The concentrations of 3-MCPD and of its metabolite, DHPMA, in urines from 255 healthy subjects (45 % men) are summarized in Table 1, reporting median and interquartile range. Although the method is quite sensitive, 3-MCPD concentration was below the LOQ (1.90 μg/L) in 85 urine samples (33.3 %), 36.0 % of which from males and 31.2 % from females. DHPMA was detectable in all urine samples.

Table 1 Median and interquartile range [25th–75th] of urinary 3-MCPD and DHPMA levels in the studied population and distinguished according to gender. Urinary 3-MCPD values were expressed as micrograms per liter (1 g = 9 mmol), whereas urinary DHPMA levels as micrograms per gram creatinine (1 μg/g creatinine = 0.48 μmol/mol creatinine)
Full size table

As an ancillary study of a 90-day toxicity experimental exposure by gavage [7], four groups of rats (10 males and 10 females) were treated with corn oil or 3-MCPD (1.84, 7.37 and 29.5 mg/kg b.w.). At all dose levels, the concentrations of free 3-MCPD were higher in female than in male rats, whereas the opposite trend was observed for DHPMA; moreover, the amounts of 3-MCPD and DHPMA excreted in urines were inversely correlated with the administered doses. In humans, 3-MCPD concentrations were similar in urines from male and female subjects (2.46 vs 2.54 μg/L, respectively).

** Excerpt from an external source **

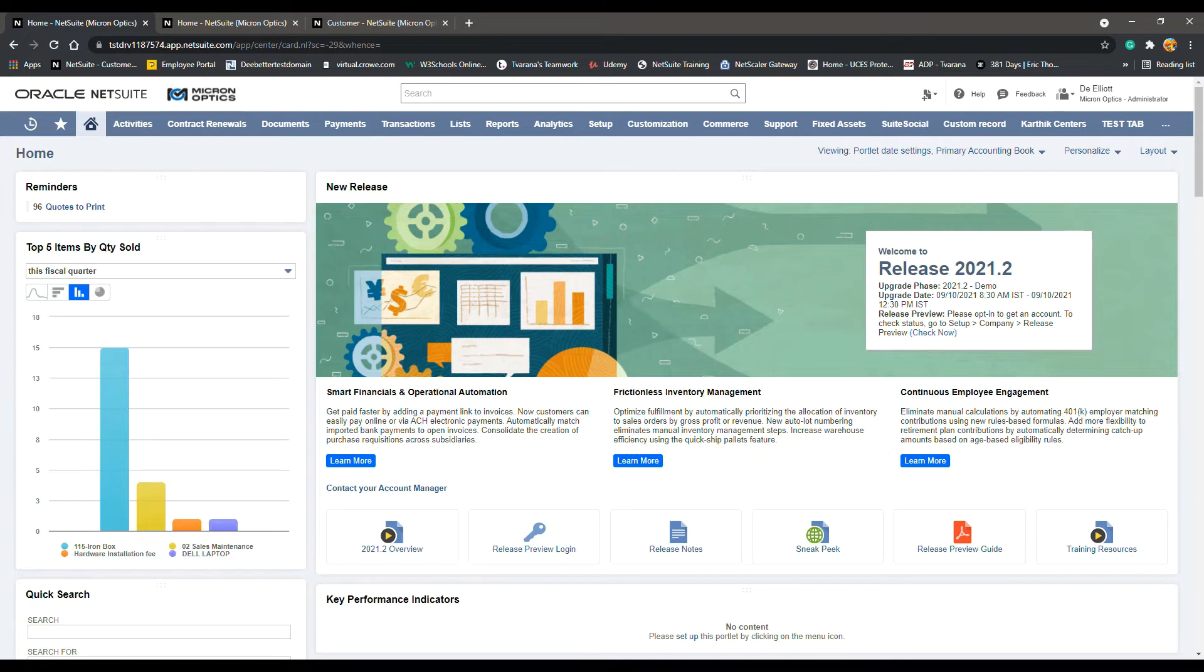We will be using the administrator role for all training sessions, so your menus may look different if you're using a different role.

A weakly positive correlation between creatinine and DHPMA was observed (Spearman coefficient r = 0.265, p < 0.0001), such a correlation being accounted for by samples from males only (r = 0.521, p < 0.0001). The weakly positive correlation between 3-MCPD and DHPMA found in the whole group (r = 0.176, p < 0.022) was mostly accounted for by samples from females (r = 0.257, p < 0.011). Age and smoking habits did not influence the urinary excretion amounts of both 3-MCPD and DHPMA (data not shown).

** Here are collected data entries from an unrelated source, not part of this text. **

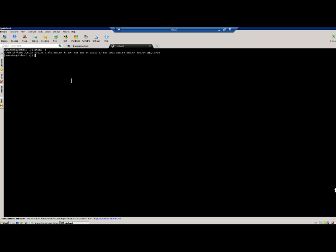Now what I need to do first is set the environment variable DISPLAY to the IP address of my client machine — in my case, my Windows client machine IP is this one here. I've just set it and I'm going to validate — yes, it has been set.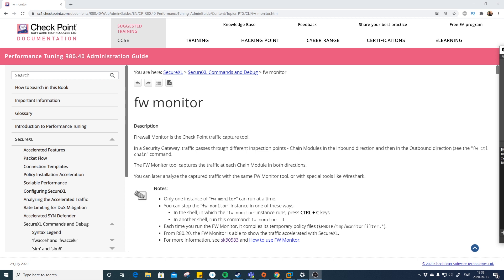Firewall monitor can be quite complicated. The tool can capture traffic at different parts of CheckPoint — it can do the inbound interface, the outbound interface, both of them, and before specific modules. If we check the administrator guide, the firewall monitor section is quite large.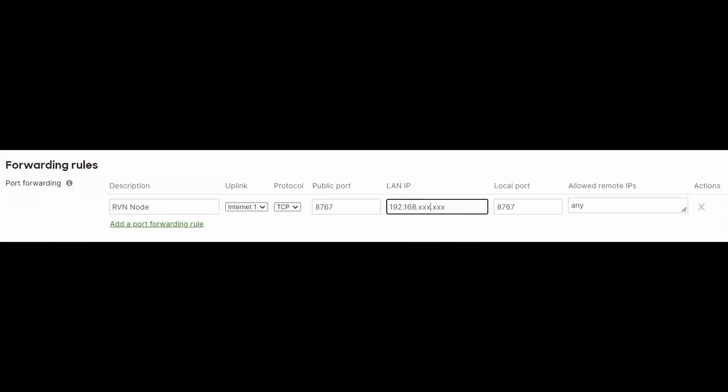If your router doesn't support UPnP, you'll need to Google your router model and figure out how to configure a port forward — forward TCP port 8767 through to your node so that other Ravencoin full nodes can send updates to your node. I hope this crash course on how to install a Ravencoin Core full node and your own private solo mining pool on Windows was useful.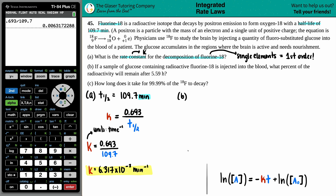Now let's go to part B. It says: if the sample of glucose containing radioactive fluorine-18 is injected into the blood, what percent of the radioactivity will remain after 5.59 hours? We're asking how much is actually going to be left once this decaying starts, expressed as a percentage.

Under free dietary conditions, we observed that in human urines, DHPMA concentrations were hundred times higher than those of 3-MCPD, the median of DHPMA/3-MCPD ratio being 133. This ratio is 1 order of magnitude higher than that observed in the study on both control rats and animals treated with low doses (1.84 mg/kg b.w.). Although DHPMA is a metabolite of 3-MCPD and of its esters, it could also derive from metabolism of glycidol and glycidol-related fatty acid esters, both food contaminants [1].

Even if there is a lack of information about diet and food consumption, data collected in this study confirm that 3-MCPD is a widespread food contaminant, the intake of which can be monitored relying on both DHPMA and 3-MCPD in urine as suitable biomarkers of exposure.

Conclusions

The developed LC–MS–MS method enabled for the first time the simultaneous determination in urine of both 3-MCPD, a toxic contaminant associated with food processing, and its metabolite DHPMA. Determination was accomplished using isotopically labelled internal standards of both the analytes, which proved to be a successful method to compensate matrix effects. The method showed adequate sensitivity and selectivity for their quantitative determination in the vast majority of spot urine samples from a healthy group of the Italian general population, thus suggesting that 3-MCPD is a widespread food contaminant.